(To do): Check each line of the entries for the string "Thumbnail". Report only how many lines have it.

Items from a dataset
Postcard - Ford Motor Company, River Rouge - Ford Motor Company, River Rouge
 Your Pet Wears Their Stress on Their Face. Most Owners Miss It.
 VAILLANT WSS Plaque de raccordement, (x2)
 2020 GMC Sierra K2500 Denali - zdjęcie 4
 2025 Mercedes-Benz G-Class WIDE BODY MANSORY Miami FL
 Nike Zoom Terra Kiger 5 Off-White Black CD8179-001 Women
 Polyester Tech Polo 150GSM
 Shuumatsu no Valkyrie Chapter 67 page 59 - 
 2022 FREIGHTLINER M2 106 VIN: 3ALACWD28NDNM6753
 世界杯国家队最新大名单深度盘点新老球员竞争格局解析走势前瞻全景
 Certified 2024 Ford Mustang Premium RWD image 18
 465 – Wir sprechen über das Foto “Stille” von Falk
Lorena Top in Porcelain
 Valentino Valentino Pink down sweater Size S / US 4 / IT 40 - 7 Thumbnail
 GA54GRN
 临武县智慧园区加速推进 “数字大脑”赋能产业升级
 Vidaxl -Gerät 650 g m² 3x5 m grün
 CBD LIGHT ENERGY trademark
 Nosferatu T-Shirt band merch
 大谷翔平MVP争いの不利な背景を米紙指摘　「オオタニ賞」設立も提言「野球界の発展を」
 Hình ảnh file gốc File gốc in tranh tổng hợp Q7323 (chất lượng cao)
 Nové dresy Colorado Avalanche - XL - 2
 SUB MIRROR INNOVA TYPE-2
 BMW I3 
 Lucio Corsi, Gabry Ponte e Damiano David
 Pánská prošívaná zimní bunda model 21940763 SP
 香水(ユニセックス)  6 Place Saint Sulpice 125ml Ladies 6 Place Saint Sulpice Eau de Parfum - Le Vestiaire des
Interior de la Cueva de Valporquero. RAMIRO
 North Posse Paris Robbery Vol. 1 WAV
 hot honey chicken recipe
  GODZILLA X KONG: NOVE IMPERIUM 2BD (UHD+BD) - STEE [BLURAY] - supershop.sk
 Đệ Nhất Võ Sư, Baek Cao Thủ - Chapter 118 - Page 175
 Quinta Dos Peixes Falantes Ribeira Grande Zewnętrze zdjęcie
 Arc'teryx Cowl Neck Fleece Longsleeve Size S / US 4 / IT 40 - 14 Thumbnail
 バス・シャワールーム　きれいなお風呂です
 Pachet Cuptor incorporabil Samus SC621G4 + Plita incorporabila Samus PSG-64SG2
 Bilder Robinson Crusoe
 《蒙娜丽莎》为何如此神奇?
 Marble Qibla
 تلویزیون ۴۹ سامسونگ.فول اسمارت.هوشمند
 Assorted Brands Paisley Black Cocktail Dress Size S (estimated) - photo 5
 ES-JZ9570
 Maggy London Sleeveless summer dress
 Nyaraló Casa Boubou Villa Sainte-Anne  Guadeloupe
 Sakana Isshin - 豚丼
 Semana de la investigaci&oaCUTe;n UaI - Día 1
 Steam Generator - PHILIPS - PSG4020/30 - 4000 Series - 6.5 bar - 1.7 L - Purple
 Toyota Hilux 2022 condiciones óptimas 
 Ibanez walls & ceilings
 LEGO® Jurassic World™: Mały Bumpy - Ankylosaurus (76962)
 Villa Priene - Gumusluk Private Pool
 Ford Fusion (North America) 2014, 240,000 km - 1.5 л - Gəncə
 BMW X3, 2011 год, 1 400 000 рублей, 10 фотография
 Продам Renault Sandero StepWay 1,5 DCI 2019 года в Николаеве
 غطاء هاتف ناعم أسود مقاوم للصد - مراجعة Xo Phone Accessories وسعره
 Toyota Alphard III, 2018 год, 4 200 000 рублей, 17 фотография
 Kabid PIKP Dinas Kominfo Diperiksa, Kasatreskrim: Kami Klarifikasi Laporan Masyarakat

(Written reply): 2